RECORDS TO USE:
• • •

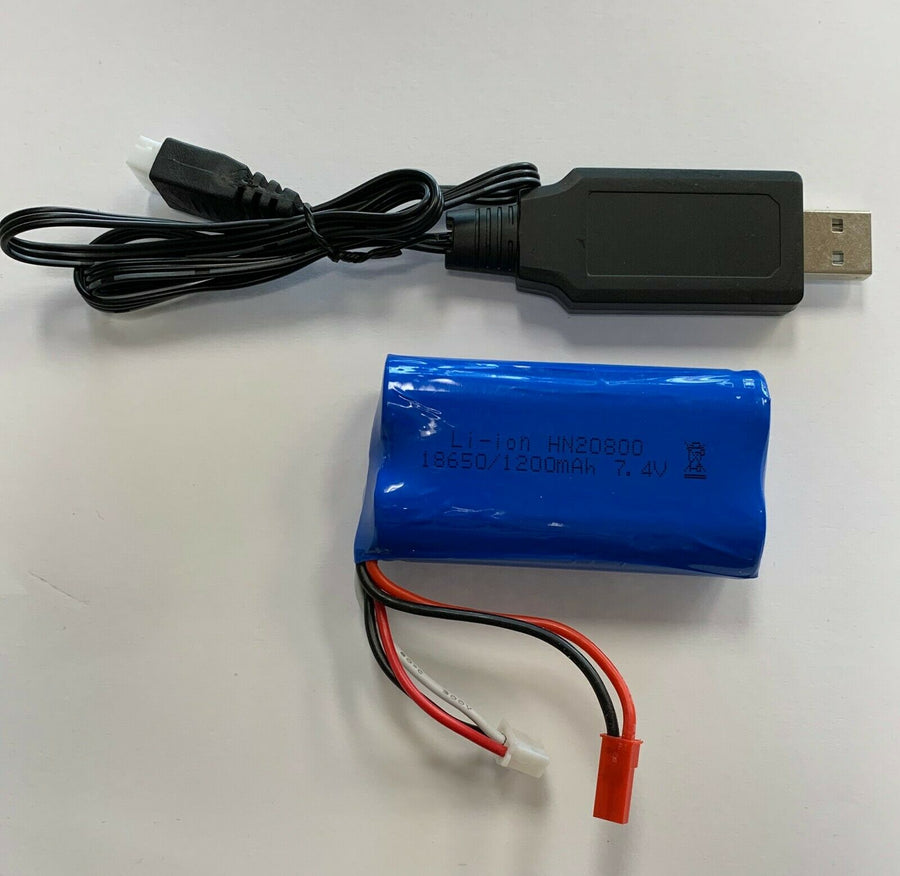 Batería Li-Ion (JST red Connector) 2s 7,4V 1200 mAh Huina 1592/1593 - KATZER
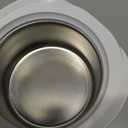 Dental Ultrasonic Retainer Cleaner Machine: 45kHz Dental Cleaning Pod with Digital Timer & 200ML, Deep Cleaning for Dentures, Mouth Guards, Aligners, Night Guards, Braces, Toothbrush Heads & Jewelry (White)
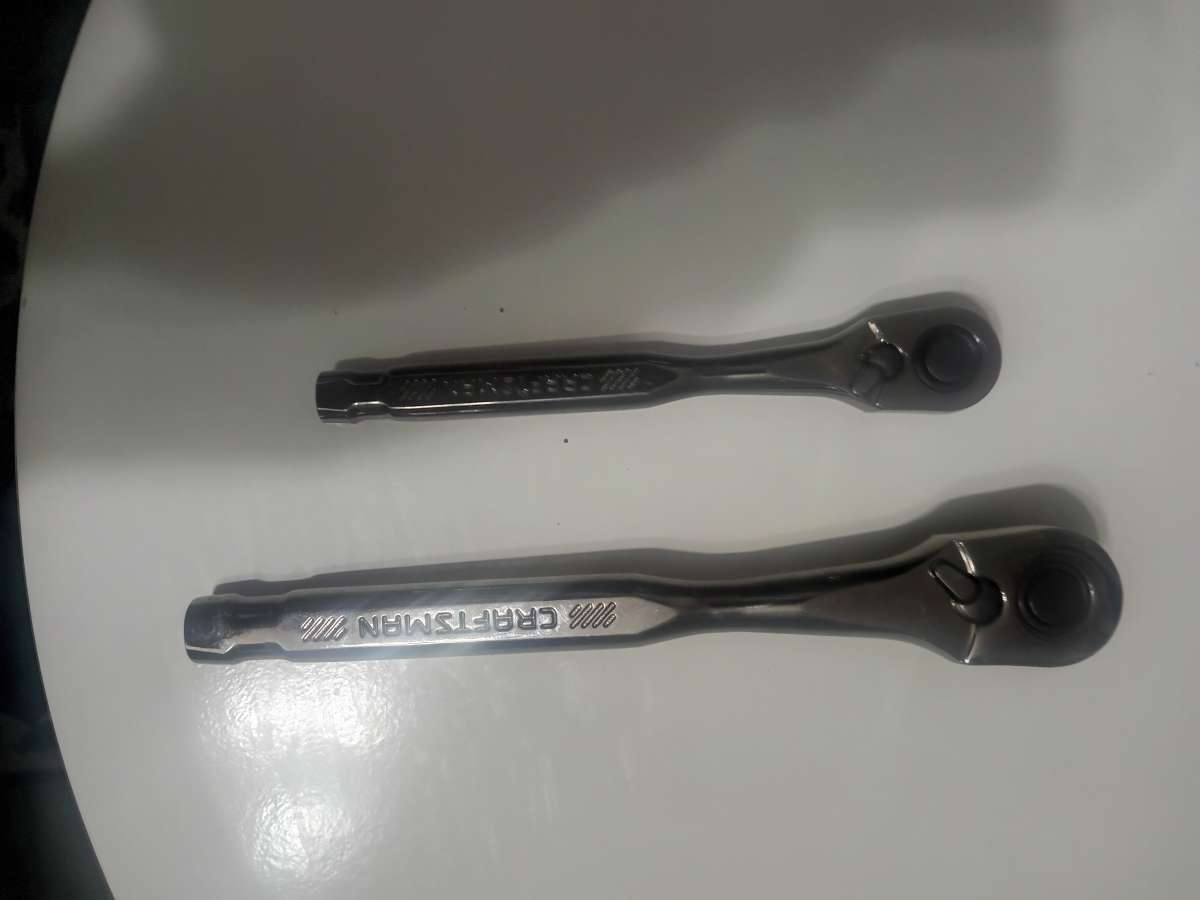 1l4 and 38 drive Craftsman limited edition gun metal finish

• • •

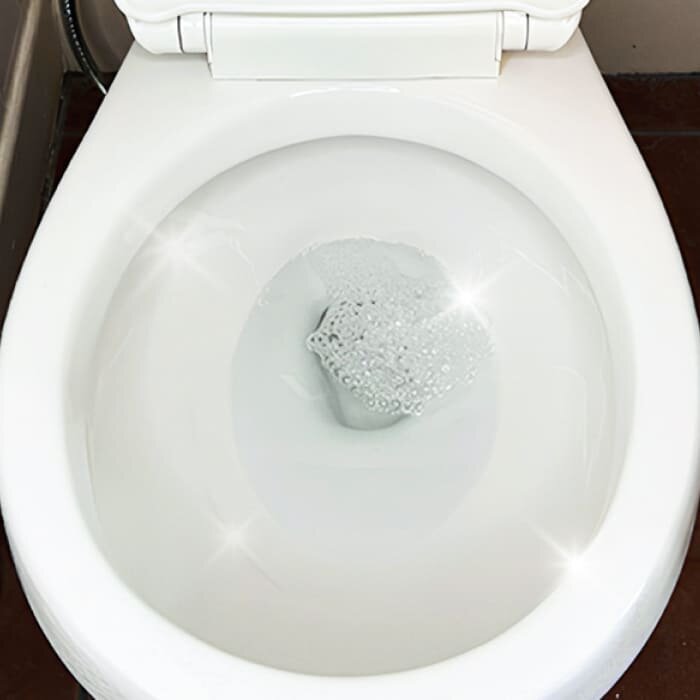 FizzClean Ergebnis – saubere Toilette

• • •

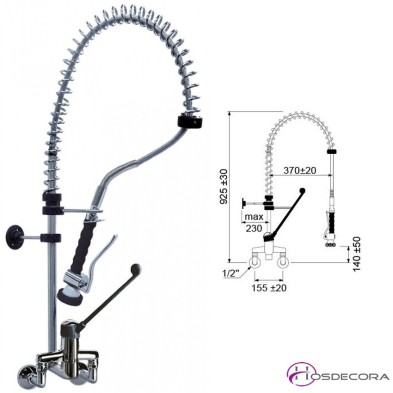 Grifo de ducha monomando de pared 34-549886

• • •

WHAT IS EXPECTED: Write down exactly what the lines above say, from the line holding "Batería Li-Ion (JST" through the line holding "1l4 and 38 drive", and nothing more. Do not copy the pictures.

YOUR RESPONSE:
 Batería Li-Ion (JST red Connector) 2s 7,4V 1200 mAh Huina 1592/1593 - KATZER
 Dental Ultrasonic Retainer Cleaner Machine: 45kHz Dental Cleaning Pod with Digital Timer & 200ML, Deep Cleaning for Dentures, Mouth Guards, Aligners, Night Guards, Braces, Toothbrush Heads & Jewelry (White)
 1l4 and 38 drive Craftsman limited edition gun metal finish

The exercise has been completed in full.